Difference to Risk Management in Waterfall Projects
Agile projects generally aim to produce usable or shippable results, that are parts of the overall project goals, as quickly as possible. They also integrate business representatives in their development team and promote early testing as a measure of ongoing quality assurance.
This implies that failure (as one kind of risk) is detected within a short period of time. As agile approaches embrace changes and require only light-weight planning, a project can therefore adapt to the requirements and implement the corrective measures comparatively fast.
Refer to the following summary for a comparison of these aspects with risk management in traditional approaches (read more on dummies.com):
Risk Management in Traditional Project Management Methodologies (in a Nutshell)

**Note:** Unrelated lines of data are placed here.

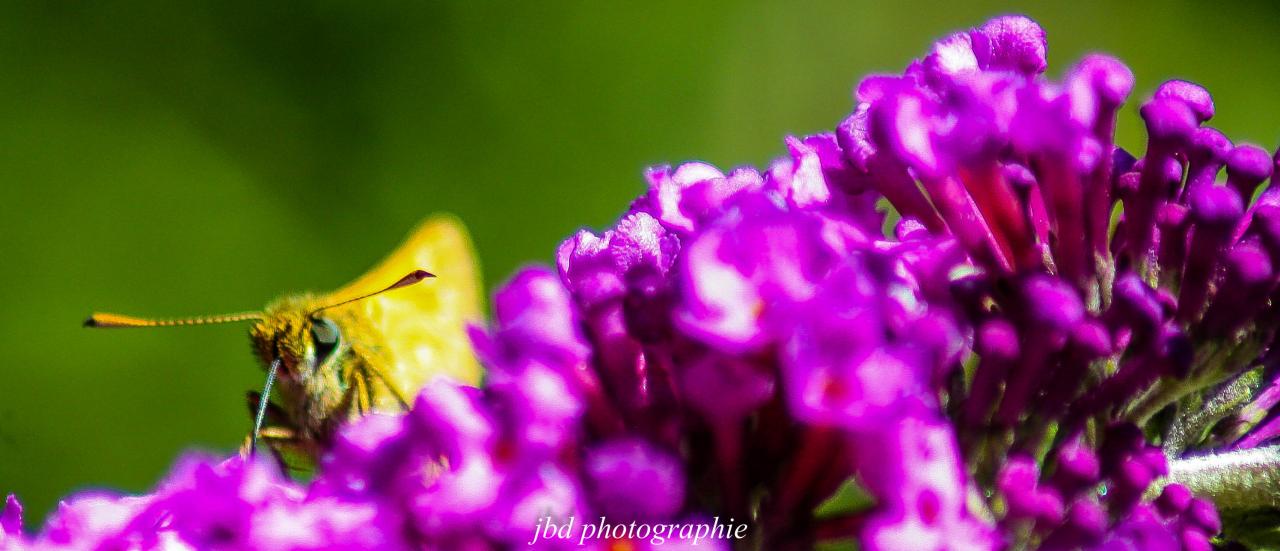 IMG_6787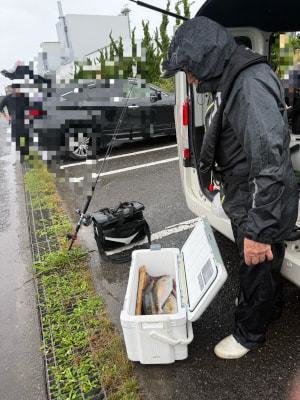 カンパチ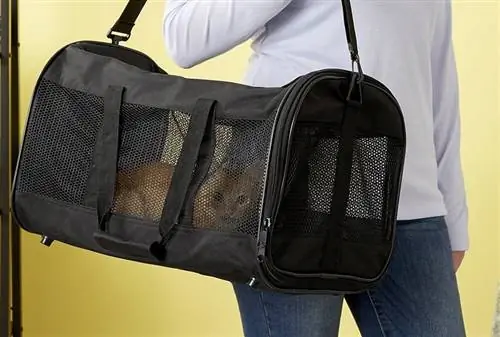 10 Pinakamahusay na Cat Carrier para sa Long-Distance na Paglalakbay noong 2023 – Mga Review & Mga Nangungunang Pinili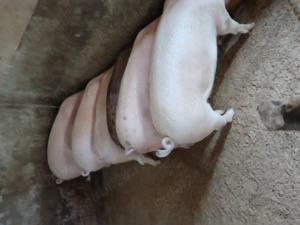 Soldani 40...65 hg - imagine 5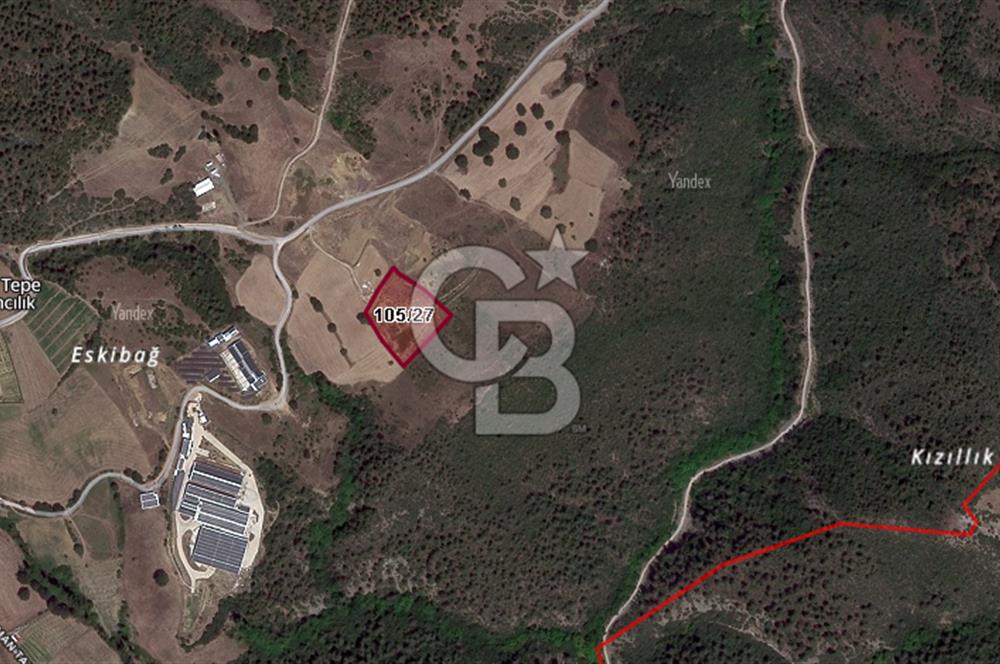 CB BLACK'TEN KESTEL AĞLAŞAN SATILIK 7.372M2 ARAZİ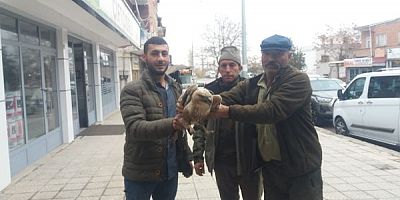 Kızıl Şahinler Tedavi Altına Alındı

- Longer development and planning cycle that increases complexity and therefore individual project risk
- In waterfall projects: Testing at the end of the project which may delay the identification of occurred risks
- Less responsive to changes due to change management processes and planning constraints
- Prescribed comprehensive processes to identify, assess and review risks and assign risk responses
Risk Management in Agile Projects (in a Nutshell)
- Short development cycles and quick delivery of increments aims to reduce complexity and risks
- Testing is part of the development cycle and business people are often part of the project or development team which reduces risks
- High responsiveness to changes
- Most frameworks do not prescribe risk management processes and techniques which requires the project team to select and adapt adequate measures
Agile project frameworks are generally less prone to internal or project-individual risks thanks to their built-in quality measures and their responsiveness to changes. However, agile projects need to identify, assess, monitor and review external risks similarly to traditional projects.
Without prescriptive processes and techniques, it is the agile team’s (and stakeholders’) responsibility to agree on the extent and granularity of their risk management. Apart from the identification and assessment of external risks, agile teams should at least reflect on potential risk responses to the most relevant risks.